Hi,
Presumably you mean the Serial Comms (USB interface) was disconnected (to avoid any risks of "Phantom Powering"); The PICaxe Serial Input pin (Leg 2)
must be tied to ground (via a resistor).
IMHO the best starting point is the
base PIC Data Sheet where most of these parameters are specified, not just "typical" but also "worst case" and at elevated temperature, etc., almost impossible to measure yourself and avoiding the risk of measuring an unfortuantely "good" or "bad" sample. So most of the influence of the Brownout Detector and oscillator speeds, and much more, can be determined directly from the manufactuer!
But a few words of warning: Read the "grey" (background) data which applies to the PICaxe chips, not the "white" data which applies to the (sometimes much lower current) LP or XLP "nanowatt" versions. Also beware that when an M2 PICaxe is "sleeping", the WDT oscillator is still running (to wake it up again).
The data sheet tells us that the "input leakage current" of an I/O pin is typically only 5
nanoAmps at up to 85 degrees C and the maximum is 200 nA, so difficult to measure and of little consequence (even over 18 pins of a 20M2). Note that this current includes not just the digital input (gate), but the ADC input (if available), the Output stage (in tri-state mode) and also any leakage through the electrostatic protection diodes! However, the /MR pin (aka the Input Only pin, Leg 3), appears to have rather higher leakage and "special attention" may be worthwhile here.
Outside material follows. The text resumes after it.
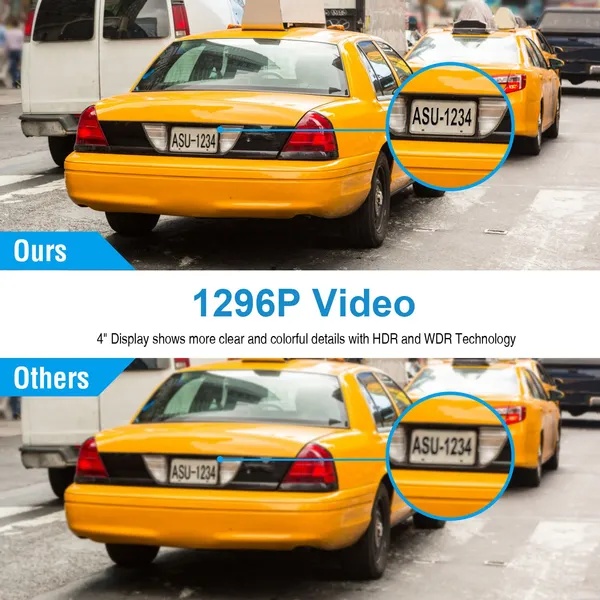 1296P Car DVR Dash Camera 4In 3 Lens Vehicle Driving Recorder Seamless Recording 2 1296P Car DVR Dash Camera 4In 3 Lens Vehicle Driving Recorder Seamless Recording - Afbeelding 2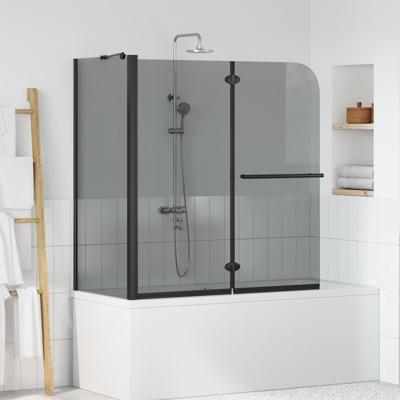 VidaXL Bi-vouw douche omheining donker transparant 120 x 67 x 129 cm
HOWEVER, that is not what the OP asked, nor can I find the required information in the Data Sheet! What is required is expained in the excellent Microchip "Hints 'n Tips" document as follows:
In CMOS logic there are
two (Complementary) input transistors connected in "Push-Pull" configuration across the supply rail. If the input voltage is close to zero volts, the "top" transistor actually conducts (to push the internal voltage High to Vdd, but the lower transistor is "off", so no current flows between the supply rail and ground. Similarly, if the input voltage is close to Vdd then the lower transistor conducts, but the upper transistor has no (Vgs) bias, so again no cuurent flows. However, if the input voltage is "somewhere in the middle" then potentially
both FETs are close to or above their threshold voltage, so there might be a through current from supply to ground!
In practice this doesn't seem to be a major problem and I often just leave any "spare" pins floating (even on chips with a large number of pins) with no obvious effects. But where power consumption may be a significant issue then it definitely is worth configuring unused pins as ADC inputs (if available and convenient) or with (internal) Weak Pullup resistors. But of course ensure that the pins really
are "floating" (i.e. with no external impedance at all to ground) or you may increase the supply drain by far more than you intened to save.
Cheers, Alan.